Public law book touches aspects of people's lives
02 May 2014
Constitutional and administrative law or public law touches every aspect of people's lives.
Constitutional and administrative law or public law touches every aspect of people’s lives.
It establishes New Zealand as a constitutional monarchy operating under democratic government and the rule of law, University of Canterbury law academic Professor Philip Joseph says.
The fourth edition of his book Constitutional and Administrative Law in New Zealand will be released next week. The Attorney-General, Chris Finlayson QC, is launching the new edition in Wellington on May 8 at the law firm, Russell McVeagh.
Professor Joseph says public law, like rust, never sleeps. His latest edition straddles many developments in public law since the third edition was published in 2007.
"It is in moments of adversity that ordinary folk turn to the law. The Canterbury earthquakes exposed dramatically how much we depend on the law for the protection of rights.
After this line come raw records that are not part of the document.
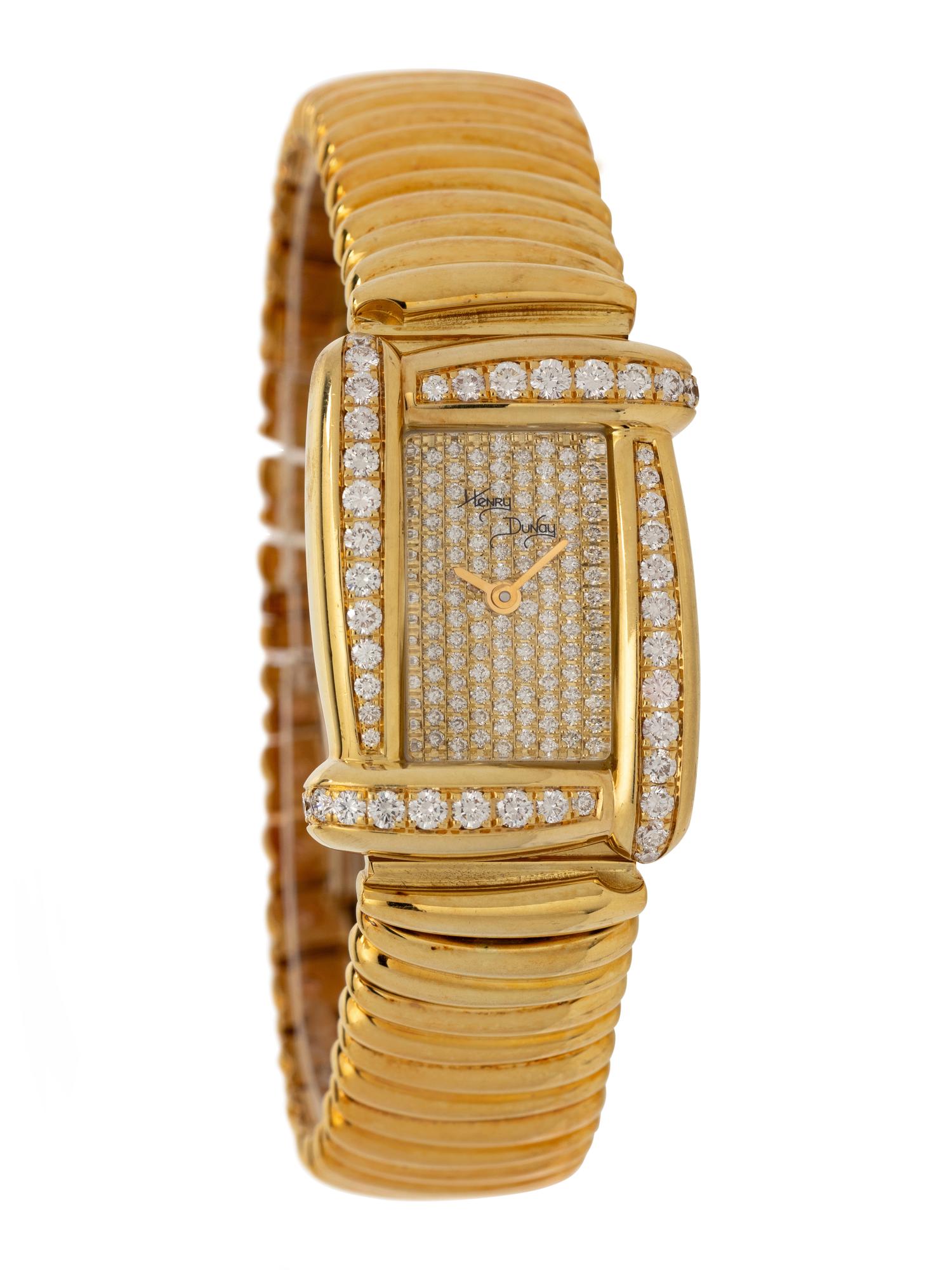 HENRY DUNAY, DIAMOND AND YELLOW GOLD WATCH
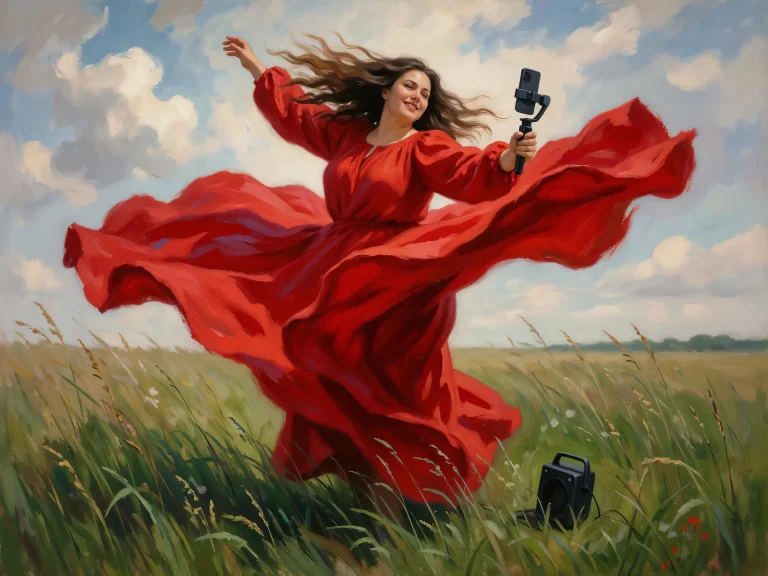 Woman In Red Dress Dancing In Field Holding Phone On Gimbal...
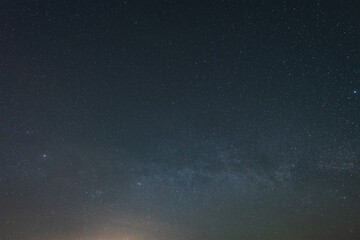 Astrophotography with a wide-angle lens, the milky way and a clear sky.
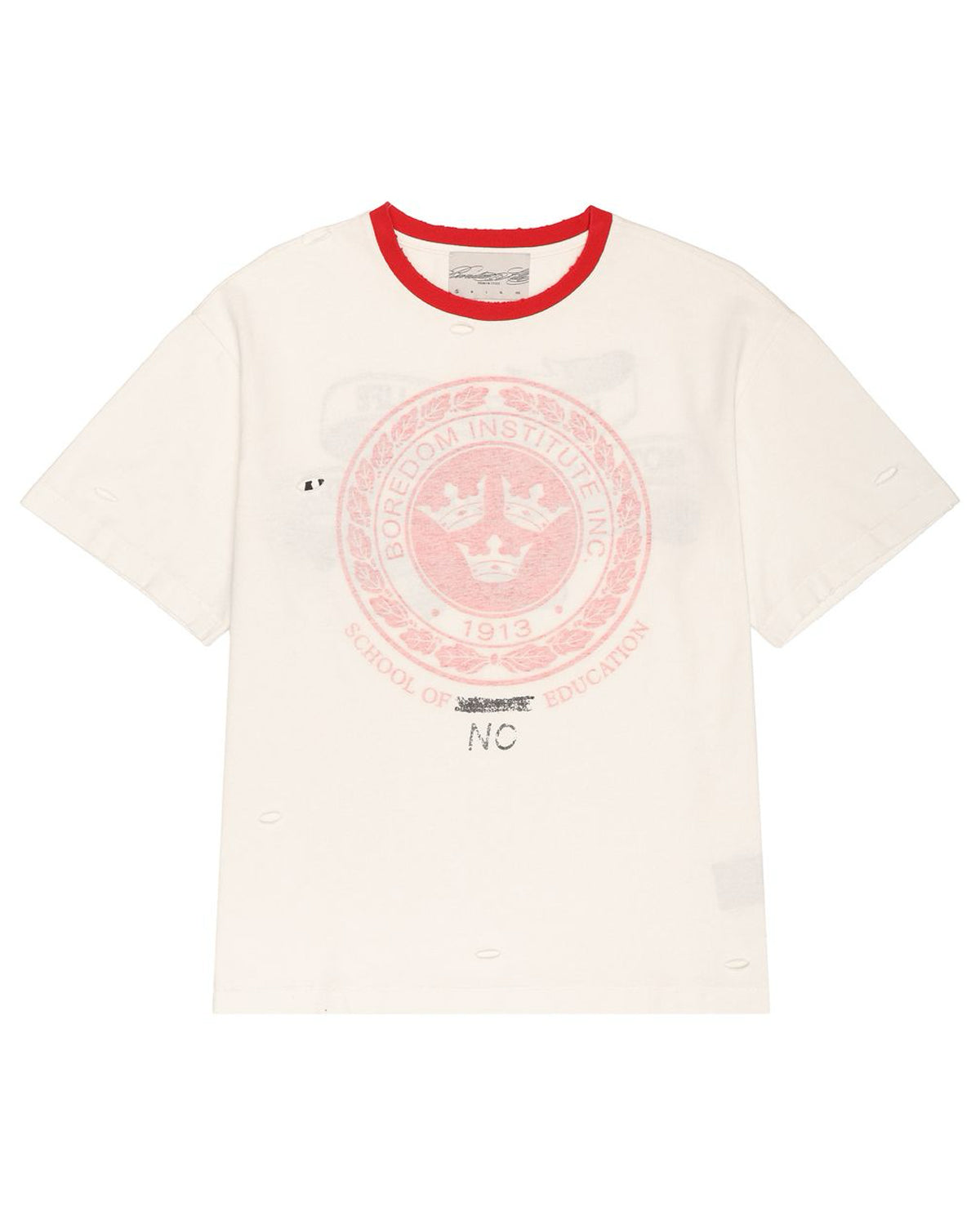 Boredom Kills Boredom Institute Tee Dirty White/Red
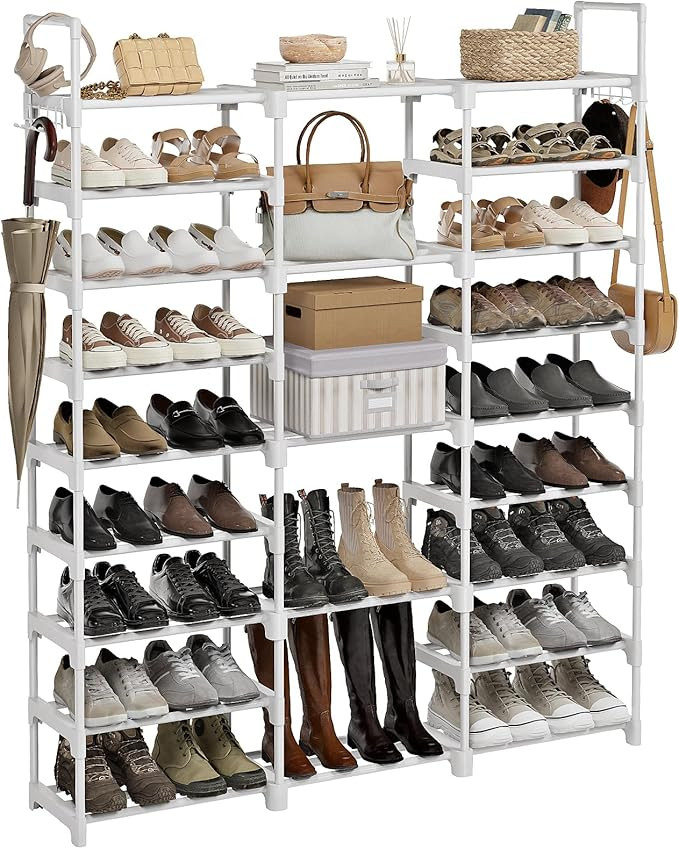 WOWLIVE 9 Tiers Large Shoe Rack White Shoe Rack Organizer for Closet 50-55 Pairs Stackable Heavy ... | Amazon (US)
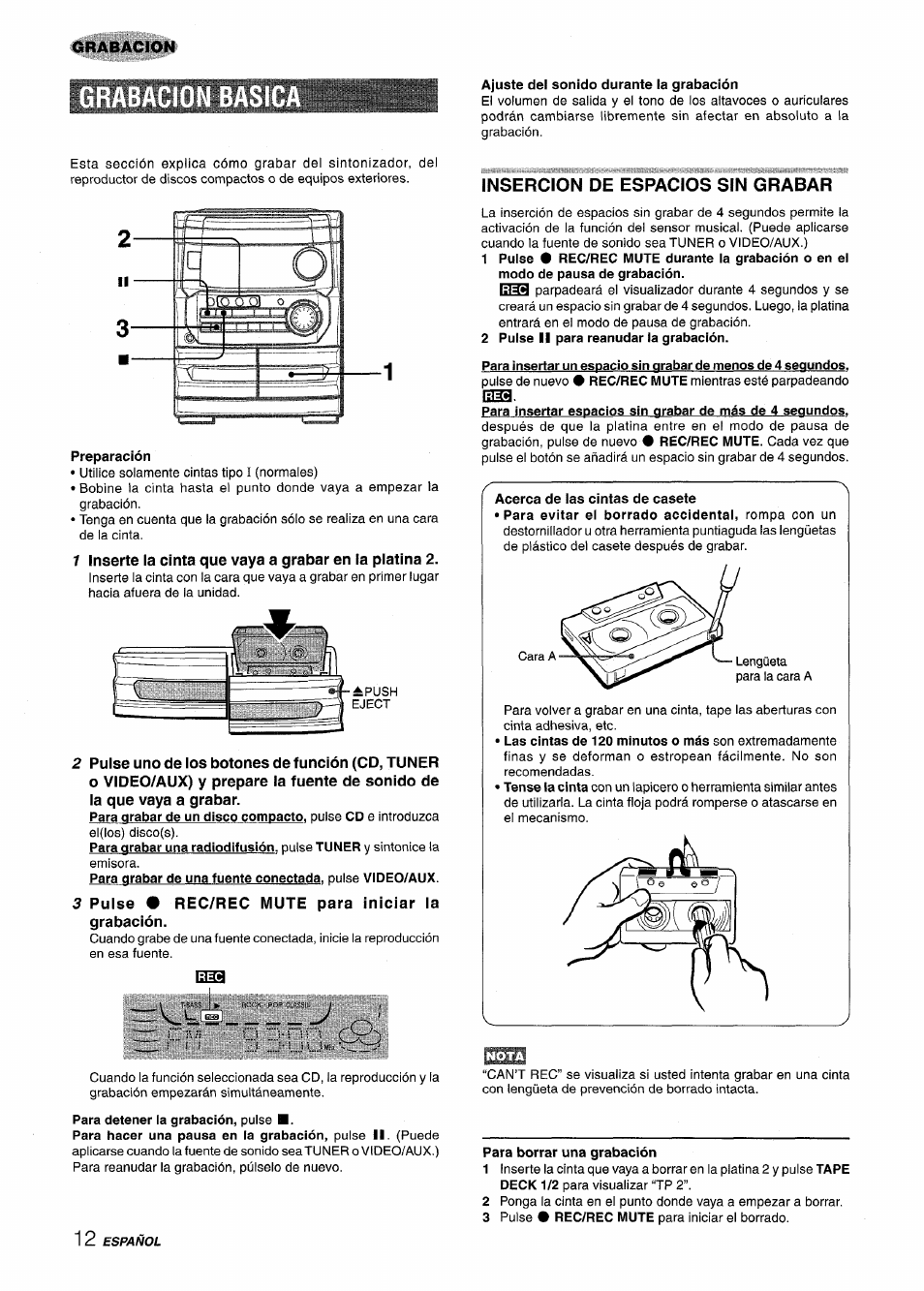 3 puise • rec/rec mute para iniciar ia grabación, Insercion de espacios sin grabar | Aiwa CX-NA222 User Manual | Page 32 / 64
The Government’s decision to offer to purchase vacant land and uninsured red zone properties at 50 percent of the 2007 rateable values was challenged in the courts and found to be unlawful.
"Governments are subject to the law and remain accountable in the courts. The new edition of my book explains how governments of every hue and public decision-makers of every type are controlled by law and must respect the civil and political rights of people enshrined in our human rights legislation.
"The rule of law requires that all Ministers of the Crown and public decision-makers comply with the substantive and procedural protections that govern their decision-making powers.
"Public decision-making affecting private rights must be carried out strictly in accordance with law, and the government’s decision did not comply with the earthquake recovery purposes and procedures of the Canterbury Earthquake Recovery Act 2011.
"Likewise, the Minister of Education’s decision to close Phillipstown School was successfully challenged in the High Court, as the court ruled that the minister had failed adequately to consult the Phillipstown community and hence had failed to discharge her procedural duty.’’
Professor Joseph was hampered in publishing his latest edition for more than a year because of ongoing earthquake-related disruptions.
"For lengthy periods following February 22, 2011, the Canterbury Law Faculty was housed in temporary accommodation, without access to library materials, while the law building was remediated.
"The disruptions were frustrating and enervating in equal measure, causing the extended gestation of this edition.’’
Professor Joseph has an international reputation in the fields of constitutional and administrative law. He has produced about 150 publications during his academic career.